While Swift’s type system overall is a good fit for what we’re doing in this project, there is one exceptional case that we’d love to see improved. Swift has a well designed error handling system (with a detailed rationale). Unfortunately, while the design of this system was specifically intended to support throwing typed errors, at present, Swift only supports throwing values through type-erased Error
existentials. This makes error handling completely inaccessible to our TensorFlow work and anything else that relies on reliable static analysis. We would love to see this extended to support "typed throws" as a natural solution to complete the static side of Swift.
Above we claimed that good usability requires us to "provide a simple, predictable, and reliable programming model that is easy to intuitively understand, can be explained to a user in a few paragraphs, and which the compiler can reinforce with warnings and other diagnostics". We think that our design achieves that.

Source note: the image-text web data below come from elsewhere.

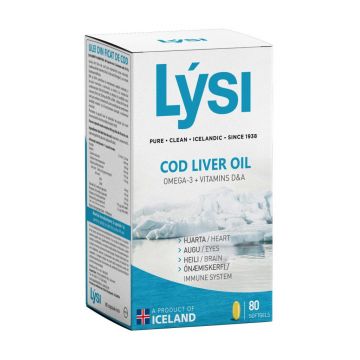 Ulei din ficat de cod (Cod Liver Oil) Omega-3 + vit.A si D x 80 cps Lysi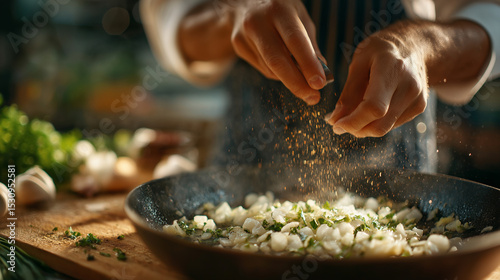 Morning light in a chef's kitchen with fresh ingredients photo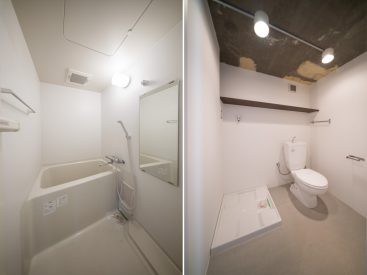 お風呂はとてつもなくシンプル。洗濯機置き場、トイレはゆとりのある個室にまとまっています。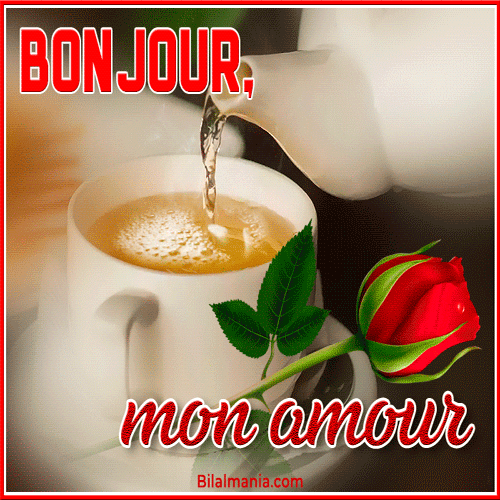 🔥 Bonjour Gif Animé | Bonjour 2025 | Bonjour GIF bonjour GIF avec une tasse de thé et des fleurs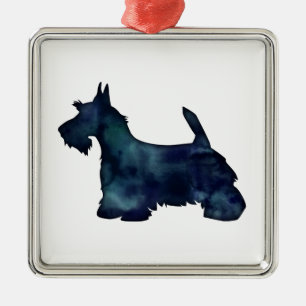 Scottie Terrier Black Watercolor Silhouette Metal Tree Decoration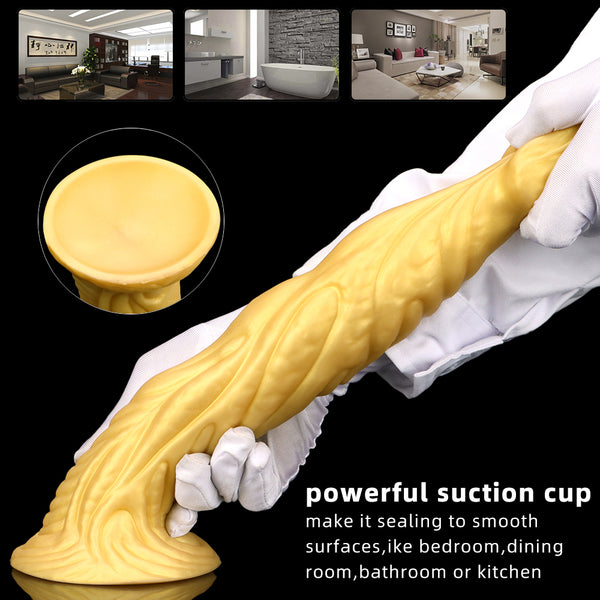 Gold Silicone Soft Anal Plug Suction Cup Anal Expanding Dildo Fisting Sex Toy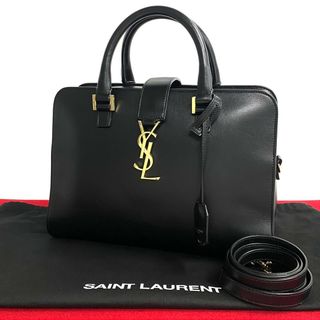 サンローラン(Saint Laurent)のほぼ未使用 SAINT LAURENT PARIS サンローランパリ YSL ロゴ ベイビーカバス レザー 2way ハンドバッグ ショルダーバッグ ブラック 27239(ハンドバッグ)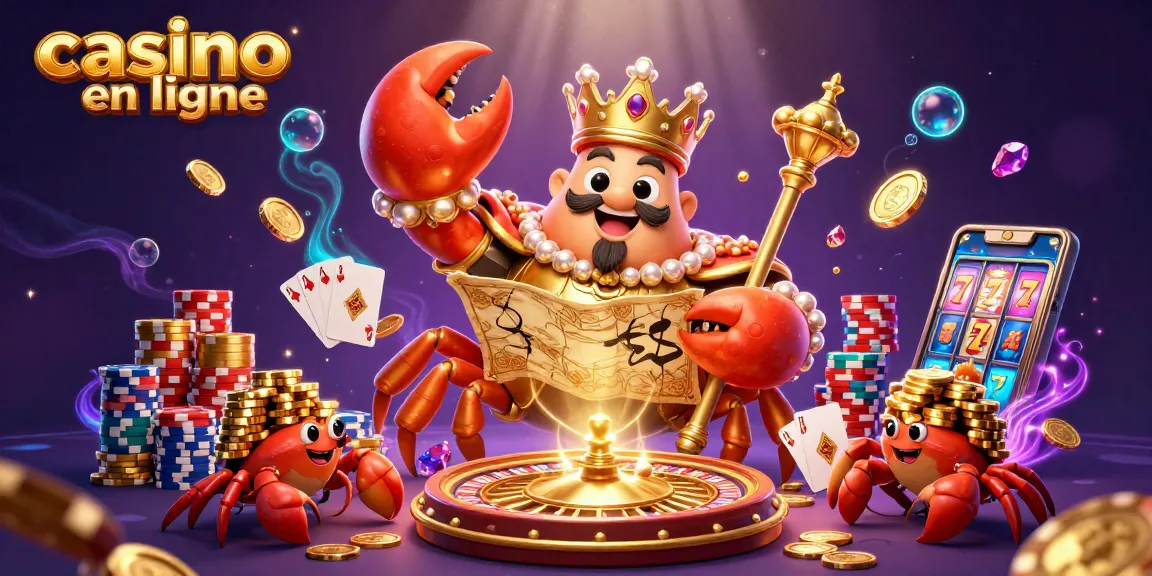 Jouer à des jeux captivants dans un casino en ligne animé, avec des éléments de jeu et un crabe impérial.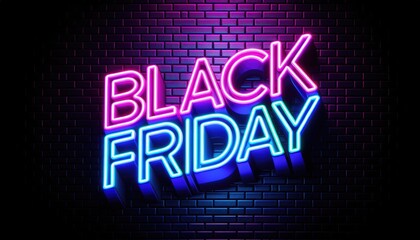 Neon glowing color Black friday november shopping sign. 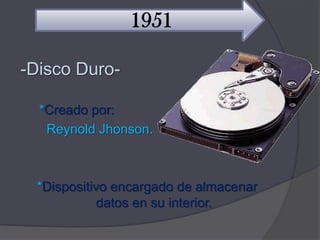 1951

-Disco Duro-

  *Creado por:
   Reynold Jhonson.



 *Dispositivo encargado de almacenar
           datos en su interior.
 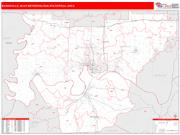 Evansville <br /> Wall Map <br /> Red Line Style 2024 Map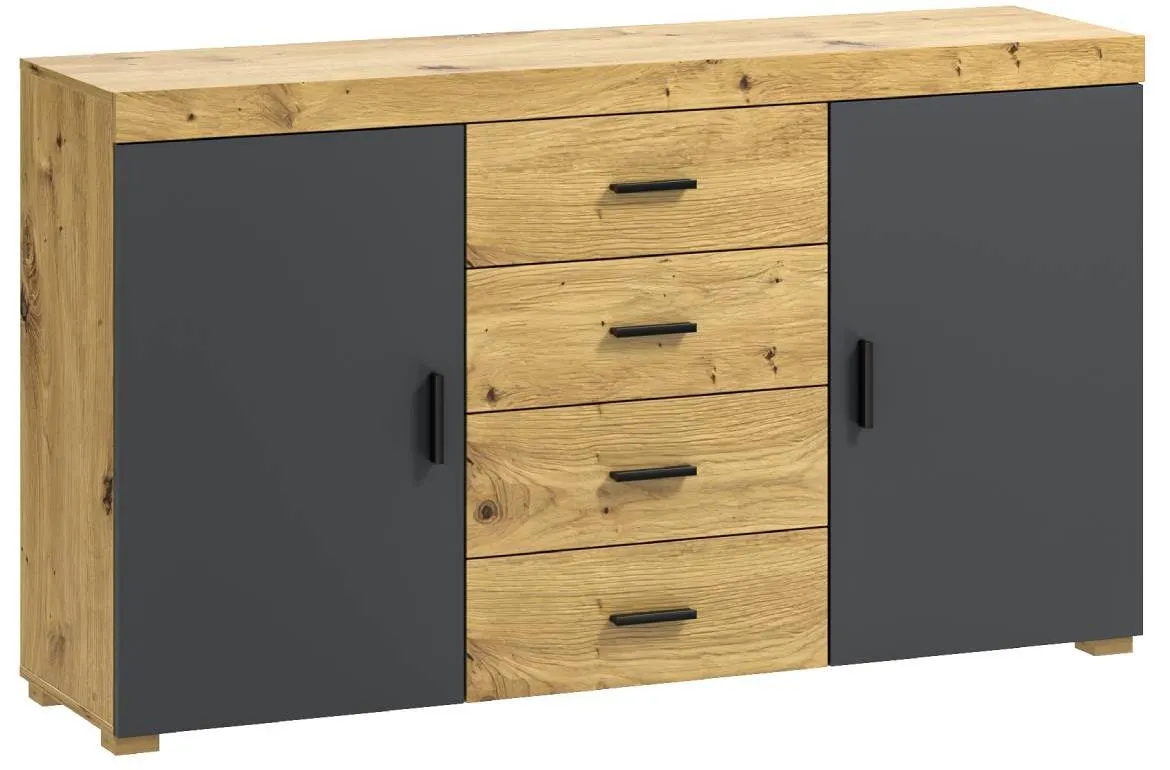 Remos komoda 2 vrata 4 fioke 150x40x85 cm artisan/grafit
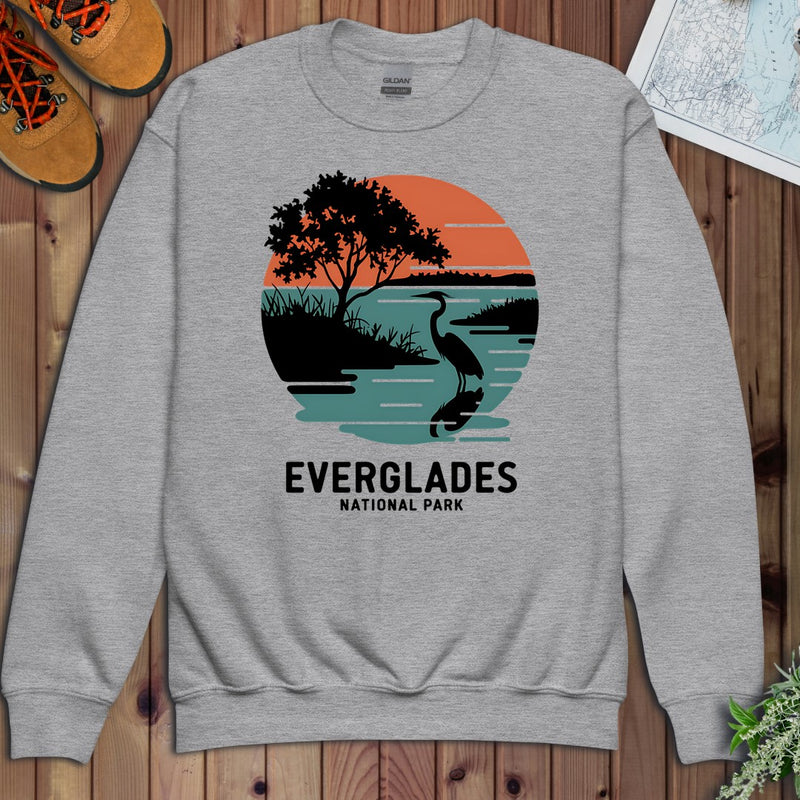 Everglades National Park Logo Retro Sunset Youth Sweatshirt in Athletic Heather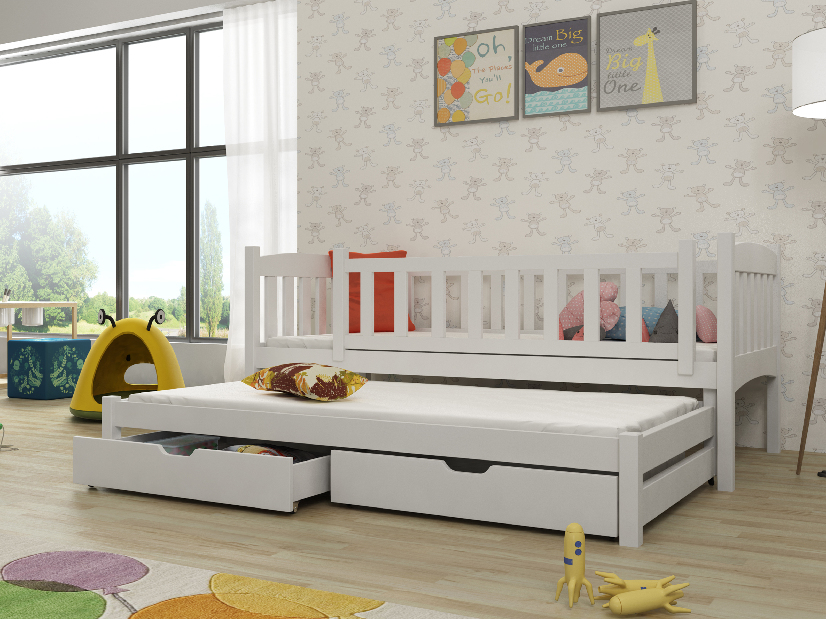 Detská posteľ 90 x 190 cm Amalia (s roštom a úl. priestorom) (biela)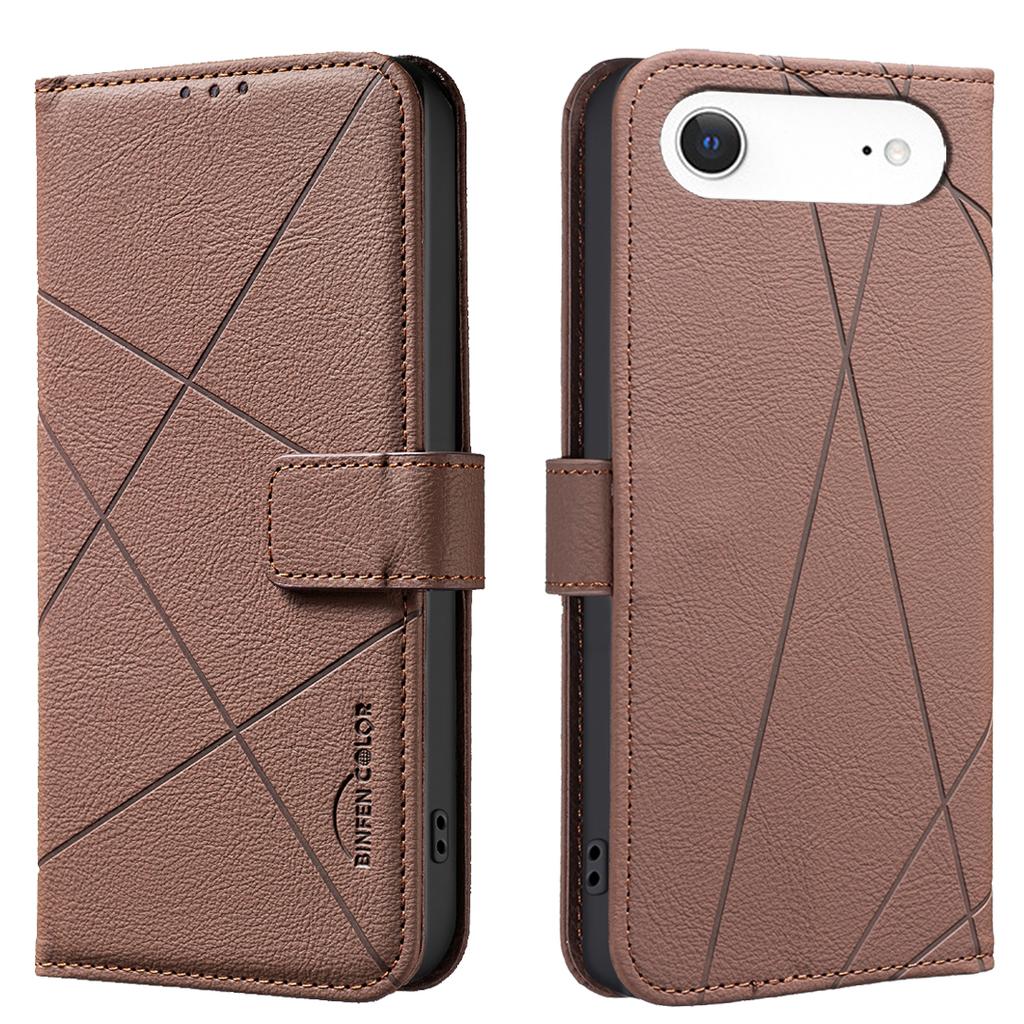 For iPhone Air Case BINFEN COLOR BF35 Geometry Imprinted Leather Phone Cover RFID Blocking Wallet Stand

Our user model fits in a single paragraph: you write normal imperative Swift code against a normal Tensor API. You can use (or build) arbitrary high level abstractions without a performance hit, so long as you stick with the static side of Swift: tuples, structs, functions, non-escaping closures, generics, and the like. If you intermix tensor operations with host code, the compiler will generate copies back and forth. Likewise, you’re welcome to use classes, existentials, and other dynamic language features but they will cause copies to/from the host. When an implicit copy of tensor data happens, the compiler will remind you about it with a compiler warning.
One of the beauties of this user model is that directly aligns with several of the defaults encouraged by the Swift language (e.g. closures default to non-escaping and the use of zero-cost abstractions to build high level APIs), and the core values of Swift API design (e.g. the pervasive use of value semantics strongly encourages the use of structs over classes). We believe that this will make Swift for TensorFlow "feel nice in practice" because you don’t have to resort to anti-idiomatic design to get things to work.
Our implementation work is still early, but we are shifting from an early research project into a public open source project now because we believe that the theory behind this approach has been proven out. We are far enough along in the implementation to have a good understanding of the engineering concerns facing an actual implementation of these algorithms.